7. Vaststaat dat belanghebbende belastingplichtig is voor het reinigingsrecht. De Heffingsverordening biedt geen ruimte voor een verlaging van het tarief van ƒ 73,90 naar rato van het daadwerkelijk aangeboden bedrijfsafval. De omstandigheid dat belanghebbende (veel) minder dan de maximale hoeveelheid van negen vuilniszakken per week aanbiedt, doet daar niet aan af. Van een onredelijke of willekeurige belastingheffing kan te dezen ook niet worden gesproken. Overigens staat het tarief van het reinigingsrecht niet aan de belastingrechter ter beoordeling. Het gelijk is derhalve aan verweerder.
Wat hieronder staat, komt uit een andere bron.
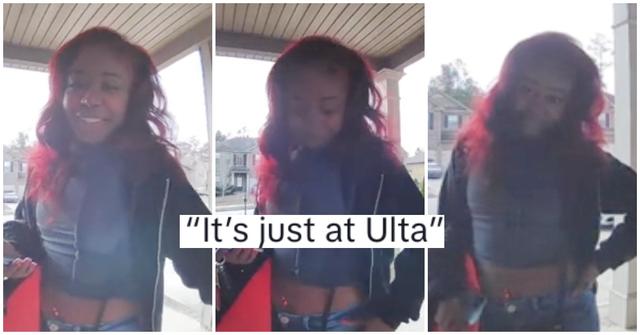 A young woman outside of a door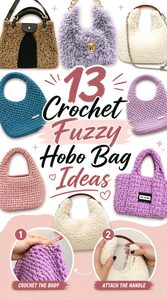 Crochet Fuzzy Hobo Bag Ideas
8. Het Hof acht geen termen aanwezig om een partij te veroordelen tot het vergoeden van proceskosten als bedoeld in artikel 5a van de Wet administratieve rechtspraak belastingzaken. Voor teruggaaf van het betaalde griffierecht ad ƒ 50 bestaat geen grond.
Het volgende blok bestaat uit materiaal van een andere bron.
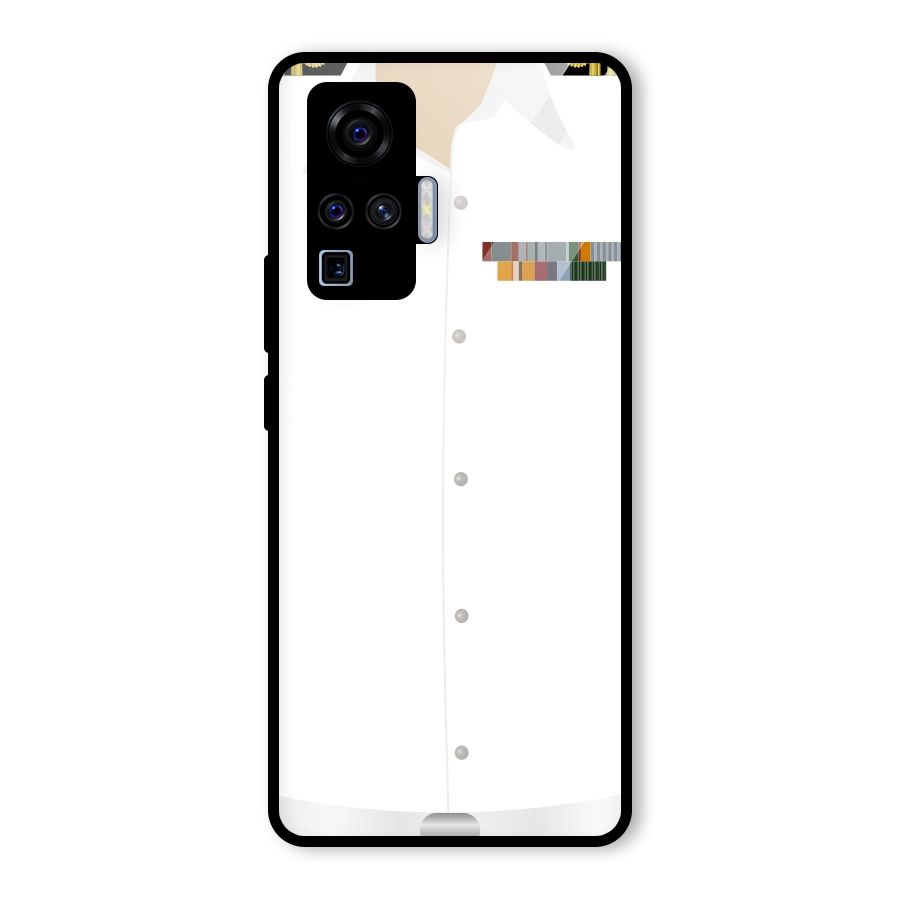 Navy Uniform Glass Back Case for Vivo X50 Pro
De uitspraak is gedaan op 4 mei 2000 door mr Schaap, voorzitter van de belastingkamer en mrs Kwantes en Van Loon, leden van de belastingkamer, in tegenwoordigheid van mr Van Schaik als griffier. De beslissing is op die datum ter openbare zitting uitgesproken. Waarvan is opgemaakt dit proces-verbaal, door de voorzitter en de griffier ondertekend.
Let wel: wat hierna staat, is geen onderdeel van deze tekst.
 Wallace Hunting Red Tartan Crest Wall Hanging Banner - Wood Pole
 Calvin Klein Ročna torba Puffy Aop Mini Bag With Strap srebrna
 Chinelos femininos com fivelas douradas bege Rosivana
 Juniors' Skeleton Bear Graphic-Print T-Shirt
Het Hof heeft geen bezwaar tegen afgifte door de griffier van een afschrift van dit proces-verbaal in geanonimiseerde vorm.
U kunt binnen vier weken na de verzenddatum van deze uitspraak het gerechtshof schriftelijk verzoeken de mondelinge uitspraak te vervangen door een schriftelijke. Voor het verkrijgen van een schriftelijke uitspraak bedraagt het griffierecht voor zowel belanghebbende als de verweerder ƒ 150.
De vervanging van een mondelinge uitspraak door een schriftelijke strekt ertoe de mondeling uitspraak in een andere vorm vast te leggen. Het gerechtshof mag daarbij de gedane uitspraak niet aan een heroverweging onderwerpen.
Uitsluitend tegen een schriftelijke uitspraak van het gerechtshof staat beroep in cassatie open bij de Hoge Raad der Nederlanden. Daarvoor is eveneens een griffierecht verschuldigd. Het ter verkrijging van een schriftelijke uitspraak betaalde griffierecht wordt door de griffier van de Hoge Raad in mindering gebracht op het voor beroep in cassatie verschuldigde recht.